Demand for 5-year fixed rate remortgages has fallen to its lowest point proportionally since July 2017, conveyancing service provider, LMS found.
Five-year fixed rate remortgages fell to 37% of the market in February – down from 45% in the previous month.
The decline has been driven by more consumers opting for cheaper 2-year fixed rate deals to balance out the cost of November’s base rate rise.
The proportion of borrowers choosing fixed two-year remortgages has increased to 24% in February, up from 22% the month before.
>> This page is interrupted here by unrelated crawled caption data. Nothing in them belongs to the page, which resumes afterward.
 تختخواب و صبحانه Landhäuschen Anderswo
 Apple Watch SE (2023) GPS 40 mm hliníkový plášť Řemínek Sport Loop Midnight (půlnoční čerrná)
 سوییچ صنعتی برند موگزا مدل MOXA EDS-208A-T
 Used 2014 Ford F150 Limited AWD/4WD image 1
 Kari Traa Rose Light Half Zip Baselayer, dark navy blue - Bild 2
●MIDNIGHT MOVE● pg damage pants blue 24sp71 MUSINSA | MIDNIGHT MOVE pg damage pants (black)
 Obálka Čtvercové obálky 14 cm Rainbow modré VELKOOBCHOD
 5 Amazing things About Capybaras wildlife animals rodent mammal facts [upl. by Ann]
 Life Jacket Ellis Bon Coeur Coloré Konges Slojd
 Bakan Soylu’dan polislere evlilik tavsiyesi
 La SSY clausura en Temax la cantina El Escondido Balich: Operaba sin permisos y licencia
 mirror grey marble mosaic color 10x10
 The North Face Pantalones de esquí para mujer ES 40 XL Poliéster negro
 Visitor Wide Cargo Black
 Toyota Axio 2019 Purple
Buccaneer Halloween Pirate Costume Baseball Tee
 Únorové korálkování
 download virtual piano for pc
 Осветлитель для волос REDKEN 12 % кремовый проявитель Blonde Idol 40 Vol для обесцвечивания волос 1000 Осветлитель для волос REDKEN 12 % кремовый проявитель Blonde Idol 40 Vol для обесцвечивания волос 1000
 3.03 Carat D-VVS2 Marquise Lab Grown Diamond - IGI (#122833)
This is the highest level of two-year fixed rate remortgaging in seven months.
2-year fixed remortgages are available with an average fixed rate of 2.35% in February.
Nick Chadbourne, chief executive of LMS, said: “Consumer interest in fixed 5-year deals has dipped as many borrowers opt for the lower rates on offer from two-year products.
“This is a significant shift from what we’ve seen in recent months, suggesting the popularity of five-year deals may have peaked.
“The move towards 2-year deals is likely a result of borrowers offsetting the cost of November’s base rate increase by switching to a shorted fixed rate period when they remortgage.
“Few borrowers will want to risk a variable rate mortgage with potential increases to the base rate likely to be on the way later this year, but with incomes squeezed, demand for longer term fixed deals has slipped.”
However Robert Owen, managing director, mortgages and bridging, United Trust Bank, found the news unexpected.
He said: “I’m surprised- I would’ve expected to see an increased demand for longer-term fixes. Looking ahead there’s speculation and indication that interest rates will rise in the next six months
“I would anticipate one or two increases this year and I would further say the product to counteract that would be longer-term fixes, but the length is dependent on the advice the person receives.”
Homeowners are now prepared to remortgage more frequently to get a better deal. In February 2017, 17% of borrowers expected to remortgage again in eight years’ time, but one year later, just 10% of borrowers expected to wait this long.
Meanwhile, 39% of borrowers are planning to refinance in five to six years’ time, up 11% from February 2017.
The long-term shift towards more regular remortgaging can be seen in the surge in total remortgage lending which reached a 9-year high in January, increasing by 20.3% year-on-year
Nick Chadbourne added: “In the short-term, reports of Bank England’s upcoming rate increase is putting pressure on homeowners to move away SVR and remortgage sooner rather than later.
“The longer term increase in lending is due to borrowers being more aware of the potential savings on offer through remortgaging. There is now much more information on the deals available to borrowers from brokers as well as price comparison sites.
“The record high volumes of remortgage seen at the end of 2017 illustrates the ongoing challenge of developing a smoother, more efficient process.
“At LMS, we’re continuing to strive to deliver improvements with innovative technology such as ECOT. These improvements will provide all stakeholders within the conveyancing process more efficient methods of transacting.”